Summary of Grad-CAM: Visual Explanations from Deep Networks via Gradient-based Localization

This paper discusses Gradient-weighted Class Activation Mapping (Grad-CAM), a method of visualizing a model that is superior to Class Activation Mapping (CAM).

A requirement of CAM is that the final convolutional feature maps are connected to the outputs. CAM uses these weights between the convolutional feature maps and the outputs. So CAM has the drawback that the model cannot have fully-connected layers after the CNNs. For image classification tasks, having a fully-connected layer at the end typically improves accuracy. The CNNs extract useful features, then the fully-connected layer enables learning combinations of these features for classification. To fulfill CAM’s requirement of having no fully-connected layers, the model performance would drop.

With Grad-CAM, the model architecture does not have to be altered in order to be interpretable. The way Grad-CAM works is, first, the input image is forward-propagated through the model. Then, given the true label / desired output, we perform back propagation until we reach the final CNN feature maps. The gradients of the feature maps are pooled, then passed through a ReLU to only keep pixels that contributed positively to the classifier’s decision.

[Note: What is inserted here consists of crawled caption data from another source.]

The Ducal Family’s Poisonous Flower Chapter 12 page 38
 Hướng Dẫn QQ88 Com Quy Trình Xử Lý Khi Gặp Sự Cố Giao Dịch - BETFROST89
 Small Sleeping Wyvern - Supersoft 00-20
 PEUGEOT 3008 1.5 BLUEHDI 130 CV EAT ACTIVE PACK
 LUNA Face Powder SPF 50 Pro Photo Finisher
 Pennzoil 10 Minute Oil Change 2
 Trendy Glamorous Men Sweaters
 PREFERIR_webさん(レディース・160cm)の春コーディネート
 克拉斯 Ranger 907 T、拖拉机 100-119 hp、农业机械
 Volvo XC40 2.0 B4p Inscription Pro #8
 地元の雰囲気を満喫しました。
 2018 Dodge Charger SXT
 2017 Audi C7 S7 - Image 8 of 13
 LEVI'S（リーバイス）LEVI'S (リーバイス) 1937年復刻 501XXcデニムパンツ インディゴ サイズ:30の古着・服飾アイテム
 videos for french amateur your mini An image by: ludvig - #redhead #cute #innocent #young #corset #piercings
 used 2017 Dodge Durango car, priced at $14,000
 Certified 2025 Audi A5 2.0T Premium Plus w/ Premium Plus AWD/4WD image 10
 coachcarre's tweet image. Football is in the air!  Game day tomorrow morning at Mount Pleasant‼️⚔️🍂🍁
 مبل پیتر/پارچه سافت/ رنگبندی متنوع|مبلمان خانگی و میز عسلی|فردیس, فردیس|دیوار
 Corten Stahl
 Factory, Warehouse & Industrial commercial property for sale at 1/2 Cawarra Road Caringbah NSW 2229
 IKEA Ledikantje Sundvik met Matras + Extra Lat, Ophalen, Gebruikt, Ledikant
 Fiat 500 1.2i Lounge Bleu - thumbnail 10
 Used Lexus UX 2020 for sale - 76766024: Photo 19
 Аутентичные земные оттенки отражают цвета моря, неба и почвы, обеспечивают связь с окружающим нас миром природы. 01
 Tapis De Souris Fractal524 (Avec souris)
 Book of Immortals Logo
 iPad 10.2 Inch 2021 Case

CAM and Grad-CAM can provide a heatmap to visualize what the model is looking at when it decides on a classification, but these heatmaps are fairly course regions. The paper also proposes Guided Grad-CAM, a high resolution visualization that highlights particular features of interest in an image.

Grad-CAM can be used to identify bias in the dataset by showing what attributes the model is focusing on in making its decisions. The example used in the paper is classifying pictures of people into doctors or nurses. Grad-CAM showed that the model was looking at face and hair, revealing a gender bias, which they found in the distribution of their training data. Identifying bias is especially important for a multi-modal problem because each modality has its own dataset, so bias can be introduced by each modality. This bias is additive, so the resulting model can have more bias than a unimodal modal.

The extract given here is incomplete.